Roughing It on my birthday
The Lady had a day off for Veterans Day; pretty handy as Veterans Day is also my birthday. My birthday was so long ago that my Mom and her family always called it Armistice Day, the holiday celebrating the end of World War One.
My birthday, a day off midweek, clear weather, what should we do?
"Anything you want to do for your birthday!" was the Lady's answer.
"Let's go look at graves. Would that be appropriate?" I asked.
The Lady trusts me and we were off.
After breakfast at the Gataway Cafe in Meyers - it was 12° outside - we headed over Luther Pass and dropped into Hope Valley. This was a day trip and we were enjoying the Lady' new Subaru XV Crosstrek. This cold morning we were learning about modern features in new cars, such as heated seats. Returning to the car after picking up a warmed up cinnamon roll at Sorensen's, we looked at each other. It was 10°.
"Think it's cold enough to try the heated seats?" I asked the Lady.
"Yeah, let's do it!" the Lady said while looking for the controls. "High or Low?" was her question after finding the switches.
"High," I answered.
That lesson learned, we now call heated seats Butt Burners.
SnowshoeThompson is a legendary figure of the Tahoe Sierra and the patron saint of all Sierra Nevada backcountry skiers. He had the honor of our first stop.
He rests in the Genoa, Nevada cemetery. A large bronze statue is downtown.
Dan DeQuille also wrote for the Territorial Enterprise, Virginia City, Nevada's famous newspaper, during Mark Twain's tenure with the paper as a writer. DeQuille was responsible for many of the contemporary stories about Snowshoe's exploits. A local historian has just published the newest book on Snowshoe.
Genoa is Nevada's oldest settlement and had its beginnings as a trading post along the Carson River Route of the California Trail.
In 1873, a fellow named Von Schmidt had the task of surveying the boundary between California and Nevada. He didn't get it quite right and his line is a bit east of the now, more accurately surveyed, official state line. A few of the old markers on the "Von Schmidt Line" still exist, such as this one that shows the line running through the center of the Genoa Courthouse.
Mark Twain's classic, Roughing It, paints a humorous, wonderful picture of Twain's time spent in Nevada, the Sierra Nevada, and the Mother Lode area of California. His stories in Roughing It immortalized many local historic figures.

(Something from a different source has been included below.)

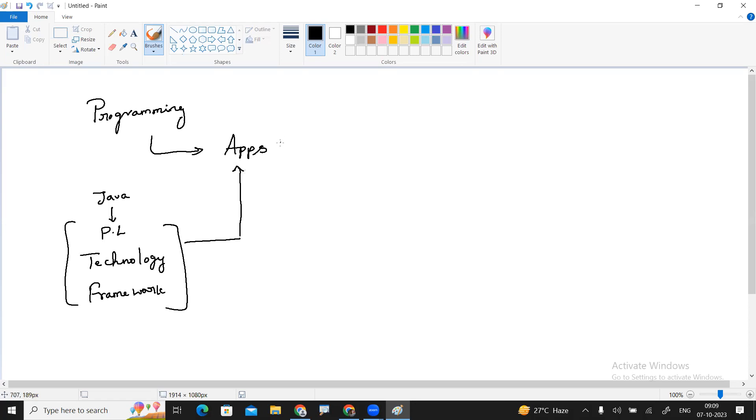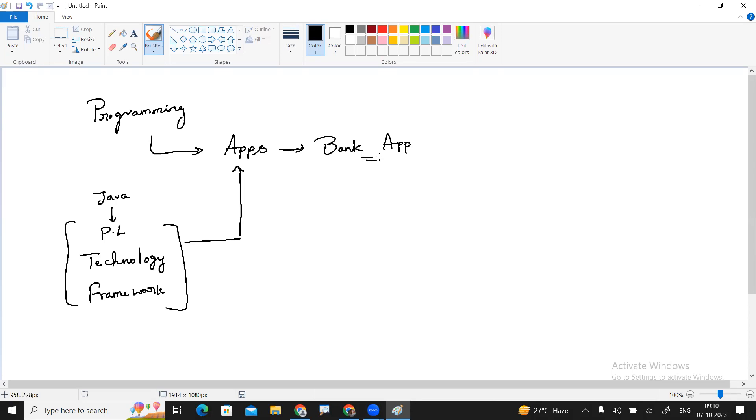To give you more clarity, I'm taking the example of a bank application. What is the purpose of a bank application? Suppose any customer wants to open an account at the bank. Bank employees will create an account and store information in the database application.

Hank's grave in Carson City's Lone Mountain Cemetery was our second stop to pay our respects.
Many other historically significance people rest nearby in the older section of this graveyard.
Three graves marked with small headstones piqued my curiosity, all young men from Japan.
Lone Mountain Cemetery was properly appointed for Veterans Day and we did take time to reflect on and honor the veterans interred here.
On this clear cold fall morning - a perfect time to visit - we returned to Carson City's Historic District. We enjoy walking the quiet streets and seeing the historic homes.
John Wayne's last movie, "The Shootist" was filmed in the Historic District. Here is the home used for Lauren Bacall's boarding house in the movie.
With the fall storms dropping snow in the high country above, deer have moved down into Carson City.
We would not have been "Roughing It" if we didn't find Mark Twain's brother's house.
This was a delightful way to spend a few hours.
Have you ever wondered who started the tradition of sending holiday cards? Louis Prang is the guy to blame, the "Father of the American Christmas Card".
Our last stop was right across the street from the Governor's Mansion. The Bliss Mansion was once the largest residence in Nevada.
In celebrating my birthday we stepped back into time, walked quiet streets in a busy city, and paid our respects to characters brought to life by the writings of delightful characters themselves.